Start of AVAILABLE RECORDS

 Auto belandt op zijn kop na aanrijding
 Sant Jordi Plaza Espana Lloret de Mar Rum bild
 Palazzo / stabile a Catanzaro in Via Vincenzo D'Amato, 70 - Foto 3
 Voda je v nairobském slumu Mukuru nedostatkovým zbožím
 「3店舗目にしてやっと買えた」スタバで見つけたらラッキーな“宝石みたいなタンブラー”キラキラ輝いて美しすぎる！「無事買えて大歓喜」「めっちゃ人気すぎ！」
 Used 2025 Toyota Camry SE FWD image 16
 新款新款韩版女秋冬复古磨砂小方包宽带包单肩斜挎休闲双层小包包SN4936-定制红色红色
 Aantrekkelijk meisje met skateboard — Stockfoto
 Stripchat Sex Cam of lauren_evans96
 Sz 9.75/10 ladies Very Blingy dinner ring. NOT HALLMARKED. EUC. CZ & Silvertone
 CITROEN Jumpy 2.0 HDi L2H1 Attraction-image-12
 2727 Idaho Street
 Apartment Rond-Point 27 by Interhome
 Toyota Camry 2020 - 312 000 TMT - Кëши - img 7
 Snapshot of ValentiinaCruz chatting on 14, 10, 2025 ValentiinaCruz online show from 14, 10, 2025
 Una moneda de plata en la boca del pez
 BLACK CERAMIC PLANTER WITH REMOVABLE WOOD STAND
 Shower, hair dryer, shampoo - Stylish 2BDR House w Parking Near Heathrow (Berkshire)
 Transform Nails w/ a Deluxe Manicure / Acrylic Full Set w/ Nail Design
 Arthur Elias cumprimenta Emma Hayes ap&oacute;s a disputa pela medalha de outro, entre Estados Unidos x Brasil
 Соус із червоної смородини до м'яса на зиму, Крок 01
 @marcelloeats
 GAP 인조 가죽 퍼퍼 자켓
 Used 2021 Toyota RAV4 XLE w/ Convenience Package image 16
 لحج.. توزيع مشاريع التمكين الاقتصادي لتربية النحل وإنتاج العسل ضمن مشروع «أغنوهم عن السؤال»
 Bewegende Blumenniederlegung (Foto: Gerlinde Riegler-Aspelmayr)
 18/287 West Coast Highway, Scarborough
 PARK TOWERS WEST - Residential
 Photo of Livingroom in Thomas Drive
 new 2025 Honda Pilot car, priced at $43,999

End of AVAILABLE RECORDS

ACTION ITEM =>
Set down the entries above again, word for word.

RESPONSE TO THE EXERCISE =>
 Auto belandt op zijn kop na aanrijding
 Sant Jordi Plaza Espana Lloret de Mar Rum bild
 Palazzo / stabile a Catanzaro in Via Vincenzo D'Amato, 70 - Foto 3
 Voda je v nairobském slumu Mukuru nedostatkovým zbožím
 「3店舗目にしてやっと買えた」スタバで見つけたらラッキーな“宝石みたいなタンブラー”キラキラ輝いて美しすぎる！「無事買えて大歓喜」「めっちゃ人気すぎ！」
 Used 2025 Toyota Camry SE FWD image 16
 新款新款韩版女秋冬复古磨砂小方包宽带包单肩斜挎休闲双层小包包SN4936-定制红色红色
 Aantrekkelijk meisje met skateboard — Stockfoto
 Stripchat Sex Cam of lauren_evans96
 Sz 9.75/10 ladies Very Blingy dinner ring. NOT HALLMARKED. EUC. CZ & Silvertone
 CITROEN Jumpy 2.0 HDi L2H1 Attraction-image-12
 2727 Idaho Street
 Apartment Rond-Point 27 by Interhome
 Toyota Camry 2020 - 312 000 TMT - Кëши - img 7
 Snapshot of ValentiinaCruz chatting on 14, 10, 2025 ValentiinaCruz online show from 14, 10, 2025
 Una moneda de plata en la boca del pez
 BLACK CERAMIC PLANTER WITH REMOVABLE WOOD STAND
 Shower, hair dryer, shampoo - Stylish 2BDR House w Parking Near Heathrow (Berkshire)
 Transform Nails w/ a Deluxe Manicure / Acrylic Full Set w/ Nail Design
 Arthur Elias cumprimenta Emma Hayes ap&oacute;s a disputa pela medalha de outro, entre Estados Unidos x Brasil
 Соус із червоної смородини до м'яса на зиму, Крок 01
 @marcelloeats
 GAP 인조 가죽 퍼퍼 자켓
 Used 2021 Toyota RAV4 XLE w/ Convenience Package image 16
 لحج.. توزيع مشاريع التمكين الاقتصادي لتربية النحل وإنتاج العسل ضمن مشروع «أغنوهم عن السؤال»
 Bewegende Blumenniederlegung (Foto: Gerlinde Riegler-Aspelmayr)
 18/287 West Coast Highway, Scarborough
 PARK TOWERS WEST - Residential
 Photo of Livingroom in Thomas Drive
 new 2025 Honda Pilot car, priced at $43,999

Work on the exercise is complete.